EXERCISE GOAL =>
Look for "important" in the material below and show each line that contains it.

SOURCE MATERIAL =>

◇ ◇ ◇ ◇

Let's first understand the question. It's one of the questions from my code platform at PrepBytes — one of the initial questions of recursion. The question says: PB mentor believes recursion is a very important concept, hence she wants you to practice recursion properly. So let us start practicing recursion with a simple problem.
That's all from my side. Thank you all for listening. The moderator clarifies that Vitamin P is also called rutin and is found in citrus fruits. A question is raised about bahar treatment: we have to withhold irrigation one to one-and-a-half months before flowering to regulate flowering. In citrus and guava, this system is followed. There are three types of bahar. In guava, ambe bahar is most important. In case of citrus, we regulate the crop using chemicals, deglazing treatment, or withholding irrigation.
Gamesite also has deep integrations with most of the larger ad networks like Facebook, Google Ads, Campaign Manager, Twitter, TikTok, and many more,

◇ ◇ ◇ ◇

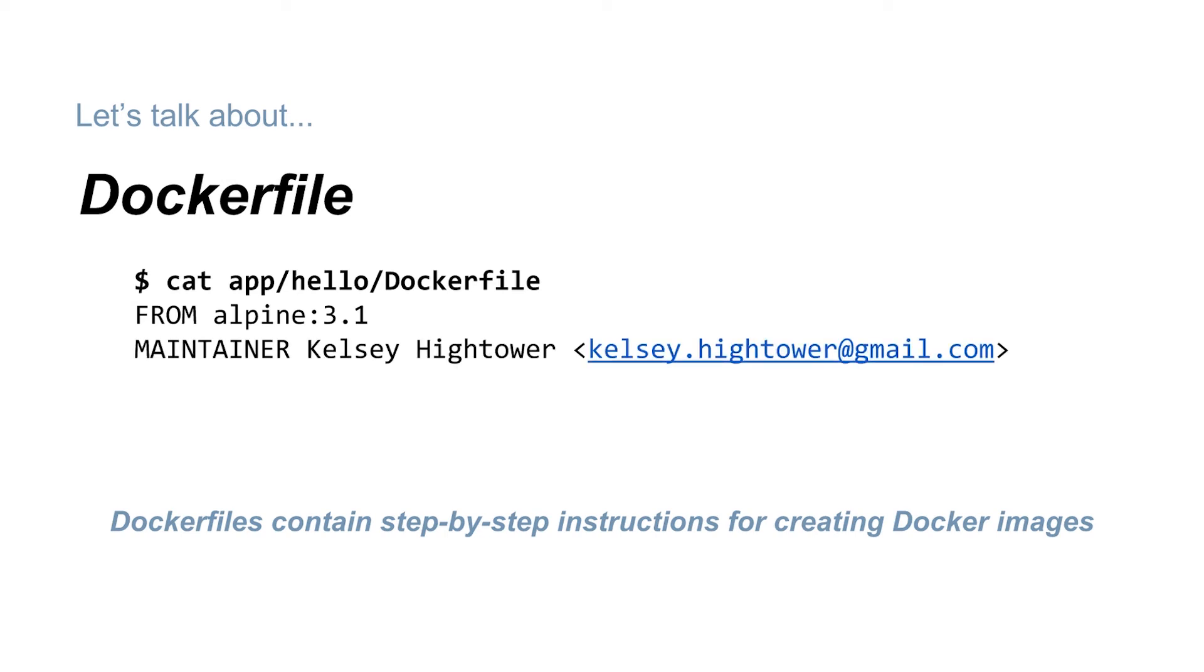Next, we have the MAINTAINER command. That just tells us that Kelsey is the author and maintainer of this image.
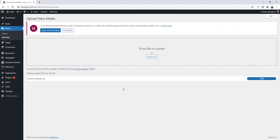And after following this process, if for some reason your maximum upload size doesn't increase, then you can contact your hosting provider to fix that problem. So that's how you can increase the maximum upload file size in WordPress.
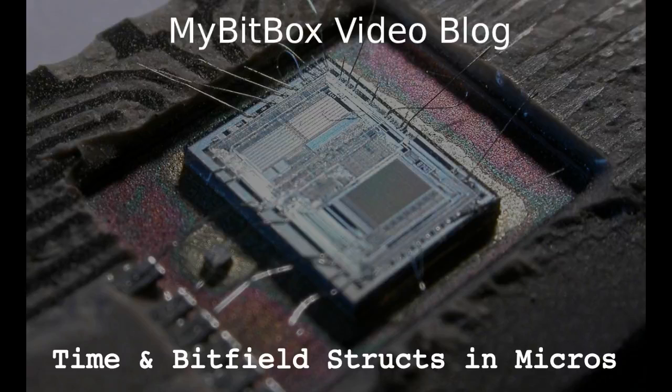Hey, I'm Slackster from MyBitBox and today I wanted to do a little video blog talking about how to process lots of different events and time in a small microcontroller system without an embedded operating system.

◇ ◇ ◇ ◇

EXERCISE RESULT =>
Let's first understand the question. It's one of the questions from my code platform at PrepBytes — one of the initial questions of recursion. The question says: PB mentor believes recursion is a very important concept, hence she wants you to practice recursion properly. So let us start practicing recursion with a simple problem.
That's all from my side. Thank you all for listening. The moderator clarifies that Vitamin P is also called rutin and is found in citrus fruits. A question is raised about bahar treatment: we have to withhold irrigation one to one-and-a-half months before flowering to regulate flowering. In citrus and guava, this system is followed. There are three types of bahar. In guava, ambe bahar is most important. In case of citrus, we regulate the crop using chemicals, deglazing treatment, or withholding irrigation.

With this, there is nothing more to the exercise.